Ben Sira's prayer is jarringly contemporary precisely because it takes seriously what modern culture is inclined to minimize: the reality of interior disorder. In an age that often frames struggles with pride, lust, and gluttony as mere psychological phenomena to be managed by technique, this prayer insists they are spiritual realities requiring divine intervention.
For the Catholic today, this passage suggests a concrete practice: pre-emptive prayer. Rather than only confessing sin after the fact in the Sacrament of Reconciliation, Ben Sira models the habit of asking God each morning to restrain what we know our weaknesses to be. This maps naturally onto the Examen of St. Ignatius of Loyola, which begins not with review of past failures but with a prayer for grace to see clearly and act rightly.
The specific naming of gluttony and lust (v. 6) also challenges Catholic believers to treat the body's appetites as genuinely spiritual terrain — not to be despised, but to be ordered. Fasting, chastity, and custody of the eyes are not relics of a past puritanism; they are the practical disciplines Ben Sira himself is begging God to help him maintain. The prayer invites Catholics to bring this same honest self-knowledge into their daily Liturgy of the Hours, their Confession preparation, and their examination of conscience.
Verse 4 — "O Lord, Father and God of my life, do not give me haughty eyes." The prayer resumes with a second solemn address — now Father and God — intensifying the theological grounding. "Haughty eyes" (hyperēphanian ophthalmōn) is a biblical idiom for pride in its most visible form: the contemptuous gaze that places oneself above others (cf. Prov 6:17, where "haughty eyes" head the list of seven things God hates). That pride should be the first specific vice named is not accidental; Augustine and Aquinas both identify pride (superbia) as the root of all sin. Ben Sira prays not only against proud action but against the proud look — the interior disposition that manifests in the eyes.

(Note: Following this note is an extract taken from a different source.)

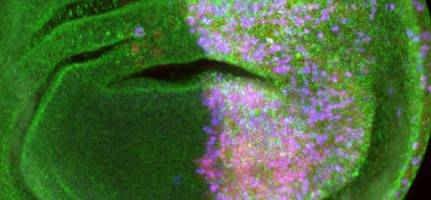 Die Strategie eines Tumors: Teile und herrsche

Verse 5 — "Turn away evil desire from me." Epithumia ponēra — "evil desire" or "wicked concupiscence" — is the disordered appetite that inclines the will toward what is contrary to right reason and God's law. This language is continuous with the vocabulary of Paul (Rom 7:7–8; Col 3:5) and James (Jas 1:14–15), who describe concupiscence as the seedbed of actual sin. Ben Sira asks God to turn it away — a conversion of the appetitive faculty itself, not merely restraint of its outward expression.
Verse 6 — "Let neither gluttony nor lust overtake me. Do not give me over to a shameless mind." Ben Sira concludes by naming two specific vices — gastrimargia (gluttony, literally "belly-madness") and koitēs (sexual lust) — that belong to the bodily appetites. These will be recognized by later Christian moral theology as two of the seven capital sins. The culminating phrase "a shameless mind" (anaideia) — literally, a mind without aidōs (reverence, shame before God and neighbor) — is the spiritual condition that enables all the preceding vices. Shamelessness is the loss of the interior brake: the conscience deadened so thoroughly that sin no longer registers as sin. Ben Sira thus frames gluttony and lust not merely as bodily failures but as symptoms of a deeper spiritual desensitization, making this final petition the most urgent of all.